Andrew To, director of the New School for Democracy, said a fourth participant from Taiwan, Lin Chi-hua, was also blocked from coming.
Hong Kong immigration representatives would not comment specifically on the case. Decisions on whether to allow entry to Hong Kong are made “in accordance with the Hong Kong law and prevailing immigration policies,” the Hong Kong Immigration Department said in a written statement.
The move to bar the visitors comes as activists in Hong Kong are trying to pressure China’s central government to give Hong Kong residents more say in choosing the leadership of their semiautonomous city. An informal 10-day referendum, begun last Friday, which asked participants to choose among three proposals on how to elect Hong Kong’s chief executive, has received more than 700,000 votes. Hong Kong officials and Chinese state media have criticized the poll as invalid.
Joseph Cheng, a political science professor at City University of Hong Kong and a New School for Democracy organizer, said the group has sought to develop ties with activists in Taiwan as a way of increasing pressure on the Chinese government. China considers self-ruled Taiwan to be part of its territory, and in recent years Beijing has pushed for increased trade and cultural relations with Taiwan.

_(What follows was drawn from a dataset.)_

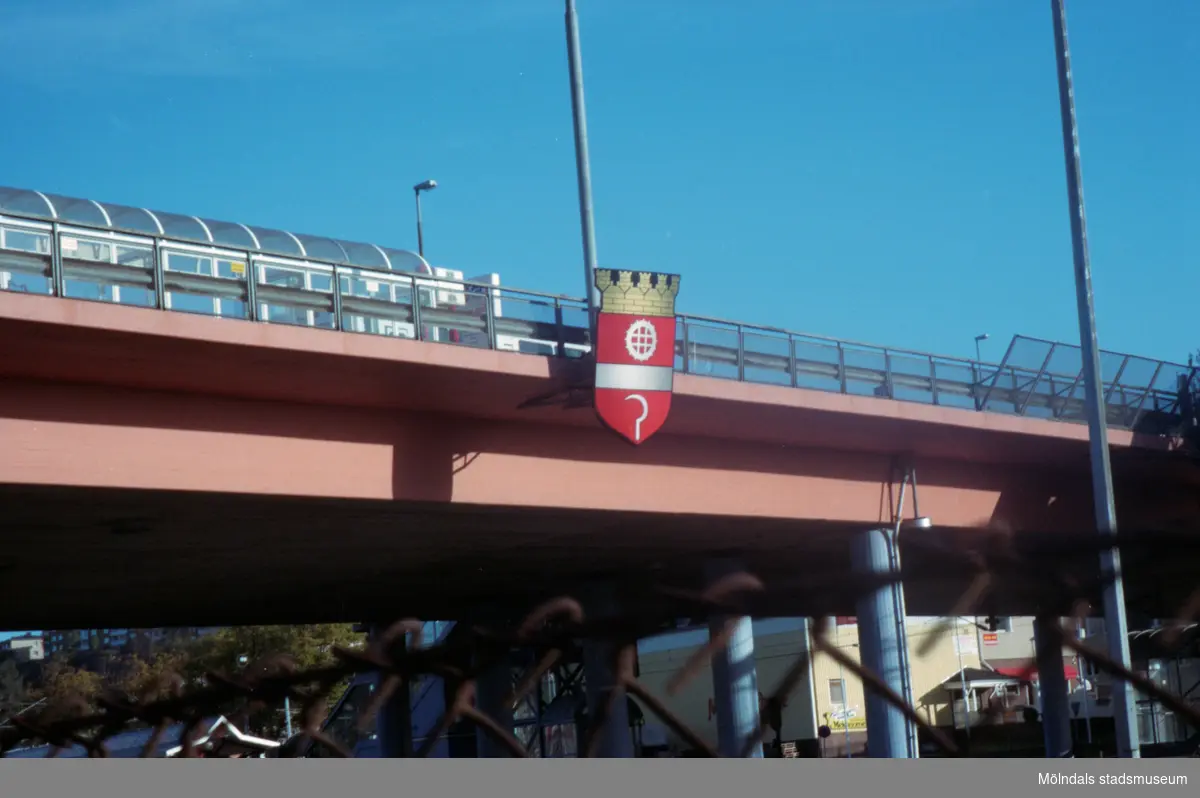 Stadsvapnet/kommunvapnet uppsatt på bron. Mölndalsbro i dag - ett skolpedagogiskt dokumentationsprojekt på Mölndals museum under oktober 1996. 1996_1079-1097 är gjorda av högstadieelever från Kvarnbyskolan 9C, grupp 4. Se även 1996_0913-0940, gruppbilder på klasserna 1996_1382-1405 samt bilder från den färdiga utställningen 1996_1358-1381.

Zhang Zhijun, the head of China’s Taiwan Affairs Office, arrived in Taipei on Wednesday for a four-day trip, the highest-level visit by a mainland official. Mr. Zhang’s itinerary includes visits to several cities in the south of Taiwan, where pro-independence sentiment runs strongest. Political analysts say that Mr. Zhang’s trip, which follows a landmark visit to China by his Taiwanese counterpart, Wang Yu-chi, in February, will be focused on trying to improve China’s image in Taiwan and researching why its trade overtures have been met with suspicion on the island.
“How is everybody doing?” Mr. Zhang said in Taiwanese upon his arrival, local news media reported. Unification supporters welcomed Mr. Zhang, while pro-independence groups protested his arrival and said they plan to hold demonstrations at each stage of his visit.
Those pushing for greater openness in Hong Kong elections have taken inspiration from the protests in Taiwan, where demonstrators who occupied Taiwan’s Legislature and took to the streets of Taipei this spring said they were wary of China’s growing influence. The phrase “Today Hong Kong, Tomorrow Taiwan,” has been repeated by activists in both places as a warning about the clout of China’s ruling Communist Party, Mr. Cheng said.
“It appears the Chinese authorities are very, very sensitive to these exchanges between the pro-democracy movement in Hong Kong and the pro-democracy movement in Taiwan,” Mr. Cheng said.